[Brief descriptive captions]
════

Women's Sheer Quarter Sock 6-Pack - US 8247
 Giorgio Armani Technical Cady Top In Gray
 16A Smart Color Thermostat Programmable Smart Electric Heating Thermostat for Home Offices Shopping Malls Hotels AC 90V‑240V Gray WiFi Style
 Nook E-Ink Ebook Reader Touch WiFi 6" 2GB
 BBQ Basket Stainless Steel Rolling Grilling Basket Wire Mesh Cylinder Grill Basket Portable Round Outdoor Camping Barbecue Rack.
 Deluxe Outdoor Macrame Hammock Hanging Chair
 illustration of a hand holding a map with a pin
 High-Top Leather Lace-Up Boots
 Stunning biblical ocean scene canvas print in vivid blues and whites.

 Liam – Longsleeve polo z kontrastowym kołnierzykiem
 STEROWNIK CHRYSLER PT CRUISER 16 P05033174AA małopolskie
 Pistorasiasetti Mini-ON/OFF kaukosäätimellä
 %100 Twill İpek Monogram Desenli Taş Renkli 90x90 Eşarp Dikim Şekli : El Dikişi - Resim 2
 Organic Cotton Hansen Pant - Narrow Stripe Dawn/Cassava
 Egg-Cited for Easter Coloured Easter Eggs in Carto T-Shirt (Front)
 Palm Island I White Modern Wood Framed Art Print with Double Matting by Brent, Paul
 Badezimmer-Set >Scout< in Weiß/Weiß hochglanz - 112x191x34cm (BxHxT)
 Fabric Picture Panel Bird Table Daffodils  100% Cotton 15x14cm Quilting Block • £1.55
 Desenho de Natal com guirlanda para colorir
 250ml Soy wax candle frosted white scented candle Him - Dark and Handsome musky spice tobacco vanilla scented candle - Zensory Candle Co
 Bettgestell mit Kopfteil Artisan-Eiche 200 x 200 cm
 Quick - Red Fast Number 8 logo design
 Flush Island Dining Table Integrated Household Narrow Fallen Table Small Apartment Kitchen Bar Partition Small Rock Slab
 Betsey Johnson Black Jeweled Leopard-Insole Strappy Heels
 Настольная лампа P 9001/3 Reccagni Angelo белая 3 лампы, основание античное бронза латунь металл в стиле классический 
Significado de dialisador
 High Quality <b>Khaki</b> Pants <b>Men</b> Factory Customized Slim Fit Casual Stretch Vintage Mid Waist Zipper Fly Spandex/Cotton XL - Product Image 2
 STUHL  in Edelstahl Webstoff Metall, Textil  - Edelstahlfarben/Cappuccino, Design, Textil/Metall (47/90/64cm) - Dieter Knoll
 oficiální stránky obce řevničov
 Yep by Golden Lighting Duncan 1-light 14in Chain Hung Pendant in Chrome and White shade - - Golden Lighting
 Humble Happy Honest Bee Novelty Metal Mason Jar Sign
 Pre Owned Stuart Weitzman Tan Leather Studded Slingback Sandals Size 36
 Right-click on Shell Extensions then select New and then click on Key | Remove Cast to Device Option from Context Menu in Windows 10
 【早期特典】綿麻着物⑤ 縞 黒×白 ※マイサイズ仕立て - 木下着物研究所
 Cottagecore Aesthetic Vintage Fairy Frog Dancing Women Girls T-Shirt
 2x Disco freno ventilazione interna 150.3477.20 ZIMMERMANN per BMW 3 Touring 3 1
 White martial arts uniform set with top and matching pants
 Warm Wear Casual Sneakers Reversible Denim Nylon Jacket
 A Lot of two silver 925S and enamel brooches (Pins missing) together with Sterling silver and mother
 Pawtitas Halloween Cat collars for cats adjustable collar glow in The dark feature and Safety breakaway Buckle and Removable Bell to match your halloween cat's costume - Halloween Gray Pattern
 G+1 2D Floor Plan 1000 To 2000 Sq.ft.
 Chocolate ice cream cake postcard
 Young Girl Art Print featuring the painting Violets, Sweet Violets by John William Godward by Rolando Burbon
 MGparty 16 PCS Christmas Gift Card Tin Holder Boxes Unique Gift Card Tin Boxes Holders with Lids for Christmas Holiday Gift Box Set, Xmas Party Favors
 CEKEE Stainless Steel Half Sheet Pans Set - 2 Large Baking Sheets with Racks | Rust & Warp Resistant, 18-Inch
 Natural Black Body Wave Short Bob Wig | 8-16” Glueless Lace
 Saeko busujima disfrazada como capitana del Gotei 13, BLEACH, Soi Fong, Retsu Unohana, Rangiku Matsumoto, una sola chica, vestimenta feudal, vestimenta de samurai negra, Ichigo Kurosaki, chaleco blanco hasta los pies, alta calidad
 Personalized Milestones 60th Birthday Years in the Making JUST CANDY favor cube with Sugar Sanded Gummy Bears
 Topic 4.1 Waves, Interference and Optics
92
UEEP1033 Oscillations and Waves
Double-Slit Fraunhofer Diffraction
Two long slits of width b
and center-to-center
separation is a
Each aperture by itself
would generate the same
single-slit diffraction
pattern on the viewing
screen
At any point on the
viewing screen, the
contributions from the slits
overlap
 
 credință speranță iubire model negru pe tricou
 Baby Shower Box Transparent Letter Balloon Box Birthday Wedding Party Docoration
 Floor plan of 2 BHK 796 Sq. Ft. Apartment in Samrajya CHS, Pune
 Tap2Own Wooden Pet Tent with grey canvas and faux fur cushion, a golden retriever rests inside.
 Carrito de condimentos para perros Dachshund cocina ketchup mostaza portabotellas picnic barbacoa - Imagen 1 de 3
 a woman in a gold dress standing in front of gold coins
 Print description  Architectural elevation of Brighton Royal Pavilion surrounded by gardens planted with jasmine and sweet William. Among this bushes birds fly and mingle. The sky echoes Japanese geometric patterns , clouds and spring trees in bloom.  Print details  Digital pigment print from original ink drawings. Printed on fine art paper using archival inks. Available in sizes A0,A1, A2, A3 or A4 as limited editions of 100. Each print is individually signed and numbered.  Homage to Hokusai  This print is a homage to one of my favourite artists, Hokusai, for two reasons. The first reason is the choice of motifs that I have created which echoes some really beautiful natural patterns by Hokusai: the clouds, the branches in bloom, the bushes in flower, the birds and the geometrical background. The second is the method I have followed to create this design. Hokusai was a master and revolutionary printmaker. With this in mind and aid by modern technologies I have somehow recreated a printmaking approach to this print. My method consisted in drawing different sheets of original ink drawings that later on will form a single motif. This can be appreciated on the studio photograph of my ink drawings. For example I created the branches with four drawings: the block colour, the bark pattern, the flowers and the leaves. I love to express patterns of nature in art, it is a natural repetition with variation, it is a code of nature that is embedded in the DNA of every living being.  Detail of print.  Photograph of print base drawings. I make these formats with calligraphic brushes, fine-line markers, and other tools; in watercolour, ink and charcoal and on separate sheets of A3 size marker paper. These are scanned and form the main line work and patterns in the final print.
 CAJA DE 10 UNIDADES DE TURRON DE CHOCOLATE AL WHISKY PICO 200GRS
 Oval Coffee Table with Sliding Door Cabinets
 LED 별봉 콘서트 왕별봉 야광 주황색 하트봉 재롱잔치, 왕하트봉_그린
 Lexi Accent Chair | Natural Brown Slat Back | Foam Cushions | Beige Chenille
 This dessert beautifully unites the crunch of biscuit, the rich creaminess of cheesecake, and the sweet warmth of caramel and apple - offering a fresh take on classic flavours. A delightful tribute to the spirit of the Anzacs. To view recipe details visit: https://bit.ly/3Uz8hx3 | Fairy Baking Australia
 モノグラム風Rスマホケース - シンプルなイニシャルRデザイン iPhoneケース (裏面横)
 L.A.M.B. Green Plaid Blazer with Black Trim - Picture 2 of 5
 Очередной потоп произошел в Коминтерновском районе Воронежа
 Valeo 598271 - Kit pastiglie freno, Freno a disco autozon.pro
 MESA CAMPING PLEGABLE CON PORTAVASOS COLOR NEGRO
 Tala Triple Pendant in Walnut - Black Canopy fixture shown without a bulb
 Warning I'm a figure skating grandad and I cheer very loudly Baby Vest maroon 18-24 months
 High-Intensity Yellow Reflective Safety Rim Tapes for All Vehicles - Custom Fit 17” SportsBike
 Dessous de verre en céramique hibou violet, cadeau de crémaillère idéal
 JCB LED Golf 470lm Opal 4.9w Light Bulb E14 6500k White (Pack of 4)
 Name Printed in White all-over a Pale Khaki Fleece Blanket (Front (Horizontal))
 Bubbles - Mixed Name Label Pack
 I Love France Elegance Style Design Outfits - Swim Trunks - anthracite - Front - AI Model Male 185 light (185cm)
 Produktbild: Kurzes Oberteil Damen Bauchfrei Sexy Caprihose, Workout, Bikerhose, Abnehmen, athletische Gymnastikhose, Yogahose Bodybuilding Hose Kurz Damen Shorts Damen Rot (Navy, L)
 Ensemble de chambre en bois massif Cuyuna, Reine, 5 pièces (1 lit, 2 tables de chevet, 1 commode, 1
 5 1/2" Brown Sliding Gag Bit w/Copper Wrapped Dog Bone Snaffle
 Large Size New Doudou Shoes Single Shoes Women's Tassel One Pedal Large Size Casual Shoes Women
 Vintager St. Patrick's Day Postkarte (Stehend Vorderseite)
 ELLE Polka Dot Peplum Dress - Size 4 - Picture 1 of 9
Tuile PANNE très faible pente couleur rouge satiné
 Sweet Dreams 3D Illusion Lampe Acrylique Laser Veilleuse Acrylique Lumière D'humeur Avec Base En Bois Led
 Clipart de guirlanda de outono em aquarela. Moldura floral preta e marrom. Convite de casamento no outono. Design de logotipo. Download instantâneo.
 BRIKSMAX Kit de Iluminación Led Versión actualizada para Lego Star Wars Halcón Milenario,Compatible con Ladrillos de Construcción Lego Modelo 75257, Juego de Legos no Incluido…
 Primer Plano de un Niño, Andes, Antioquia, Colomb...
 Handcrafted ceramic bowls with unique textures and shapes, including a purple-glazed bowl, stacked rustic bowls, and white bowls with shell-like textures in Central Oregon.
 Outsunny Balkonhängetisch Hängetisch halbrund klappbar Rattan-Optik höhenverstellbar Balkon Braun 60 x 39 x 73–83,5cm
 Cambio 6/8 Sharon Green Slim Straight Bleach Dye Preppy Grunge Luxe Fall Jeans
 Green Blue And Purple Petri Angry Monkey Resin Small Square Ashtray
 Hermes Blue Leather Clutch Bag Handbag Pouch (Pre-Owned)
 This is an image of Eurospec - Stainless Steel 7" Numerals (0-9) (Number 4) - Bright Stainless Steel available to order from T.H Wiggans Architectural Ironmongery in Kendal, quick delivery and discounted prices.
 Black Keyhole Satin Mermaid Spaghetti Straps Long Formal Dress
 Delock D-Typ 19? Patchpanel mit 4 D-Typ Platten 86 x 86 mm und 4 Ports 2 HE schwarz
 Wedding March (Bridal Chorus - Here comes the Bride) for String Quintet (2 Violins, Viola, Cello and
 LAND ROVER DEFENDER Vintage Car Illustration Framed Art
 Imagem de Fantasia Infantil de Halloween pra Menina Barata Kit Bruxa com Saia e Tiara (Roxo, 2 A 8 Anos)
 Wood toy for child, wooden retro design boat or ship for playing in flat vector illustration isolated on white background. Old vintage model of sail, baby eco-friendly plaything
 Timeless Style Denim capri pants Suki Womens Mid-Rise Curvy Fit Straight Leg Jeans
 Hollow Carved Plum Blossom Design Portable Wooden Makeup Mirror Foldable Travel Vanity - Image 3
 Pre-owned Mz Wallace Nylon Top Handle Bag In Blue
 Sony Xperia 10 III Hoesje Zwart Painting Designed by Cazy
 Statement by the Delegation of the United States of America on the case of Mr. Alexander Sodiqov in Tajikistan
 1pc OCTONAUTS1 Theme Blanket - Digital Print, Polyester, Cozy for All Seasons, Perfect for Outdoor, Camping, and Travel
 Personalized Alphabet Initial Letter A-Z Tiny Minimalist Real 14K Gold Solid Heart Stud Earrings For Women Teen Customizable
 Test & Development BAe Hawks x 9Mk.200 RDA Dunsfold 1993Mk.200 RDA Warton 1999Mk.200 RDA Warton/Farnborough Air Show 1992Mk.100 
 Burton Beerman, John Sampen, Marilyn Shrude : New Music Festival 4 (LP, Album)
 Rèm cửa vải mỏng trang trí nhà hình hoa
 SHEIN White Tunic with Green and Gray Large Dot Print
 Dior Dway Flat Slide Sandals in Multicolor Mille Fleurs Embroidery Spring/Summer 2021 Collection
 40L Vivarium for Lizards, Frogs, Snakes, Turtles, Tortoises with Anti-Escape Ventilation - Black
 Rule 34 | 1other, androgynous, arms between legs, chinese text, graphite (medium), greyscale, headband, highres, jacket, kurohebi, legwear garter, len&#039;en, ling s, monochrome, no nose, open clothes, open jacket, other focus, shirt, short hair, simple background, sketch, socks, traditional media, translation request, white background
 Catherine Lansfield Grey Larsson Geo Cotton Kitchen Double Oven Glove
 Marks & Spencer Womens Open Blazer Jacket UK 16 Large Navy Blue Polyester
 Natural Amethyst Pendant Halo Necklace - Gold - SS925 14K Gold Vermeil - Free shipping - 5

════

§ **EXERCISE GOAL**: Please copy, exactly and with nothing else, the lines above beginning at the line that has "White martial arts" and ending with the line that has "Personalized Milestones 60th".

§ **TASK RESPONSE**:
 White martial arts uniform set with top and matching pants
 Warm Wear Casual Sneakers Reversible Denim Nylon Jacket
 A Lot of two silver 925S and enamel brooches (Pins missing) together with Sterling silver and mother
 Pawtitas Halloween Cat collars for cats adjustable collar glow in The dark feature and Safety breakaway Buckle and Removable Bell to match your halloween cat's costume - Halloween Gray Pattern
 G+1 2D Floor Plan 1000 To 2000 Sq.ft.
 Chocolate ice cream cake postcard
 Young Girl Art Print featuring the painting Violets, Sweet Violets by John William Godward by Rolando Burbon
 MGparty 16 PCS Christmas Gift Card Tin Holder Boxes Unique Gift Card Tin Boxes Holders with Lids for Christmas Holiday Gift Box Set, Xmas Party Favors
 CEKEE Stainless Steel Half Sheet Pans Set - 2 Large Baking Sheets with Racks | Rust & Warp Resistant, 18-Inch
 Natural Black Body Wave Short Bob Wig | 8-16” Glueless Lace
 Saeko busujima disfrazada como capitana del Gotei 13, BLEACH, Soi Fong, Retsu Unohana, Rangiku Matsumoto, una sola chica, vestimenta feudal, vestimenta de samurai negra, Ichigo Kurosaki, chaleco blanco hasta los pies, alta calidad
 Personalized Milestones 60th Birthday Years in the Making JUST CANDY favor cube with Sugar Sanded Gummy Bears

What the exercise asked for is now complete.